I am taking an online class on Machine Learning and I'm trying to fully understand how the cost function work. Can someone explain to me exactly what is going on in the function below:
Cost function $$J(\theta_0, \theta_1) = \frac{1}{2} m \sum_{i=1}^m(h_\theta(x^{(i)} - y^{(i)})^2 $$
Hypothesis function $$h_\theta(x) = \theta_0 + \theta_1 x$$
The parameters are: $\;\theta_0$ and $\theta_1$.
I want to be able to understand what is happening in the cost function, the thing I don't really understand about the cost function is the summation ($\sum$), I don't know what it means.
Can someone help me?
Thank you.
Firstly, this is a Sigma $\sum$ denoting a sum and not an epsilon ($\epsilon$).

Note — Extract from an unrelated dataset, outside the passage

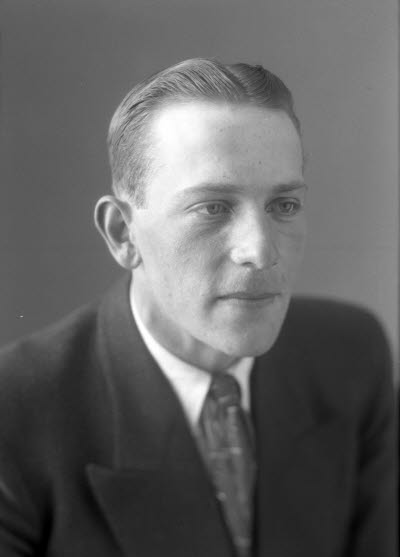 Porträtt av en herre. Ateljefoto.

The two symbols are used in two different contexts in maths, and the $\epsilon-\delta$ tag isn't applicable to your question.
In simple terms, we are given the set of data points $D:= \{ (x_i,y_i),\forall 1\leq i\leq n \} $. Our job is to find the best-fit line to the data. If you have ever plotted a scatter diagram of the data and told yourself "The points roughly fall in a straight line", that's exactly what we are doing here.

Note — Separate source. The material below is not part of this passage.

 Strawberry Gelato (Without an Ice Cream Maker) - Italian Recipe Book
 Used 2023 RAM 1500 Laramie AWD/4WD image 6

The hypothesis function $H_\theta(x):=\theta_0 + \theta_1 x$ defines a straight line. There are infinitely many straight lines that we can draw on the plane by varying the $\theta_1,\theta_0$. But, we want to draw only that straight line that best fits the data, similar to what you'd draw after looking at the scatter plot.
The $J$ function serves this purpose algorithmically. If it finds that the parameters $\theta_0,\theta_1$ are too far away from the correct hypothesis, it will give you a very large cost. Contrariwise, a correct hypothesis has a very small cost. You'll typically do this by minimizing the cost function wrt the $\theta$'s.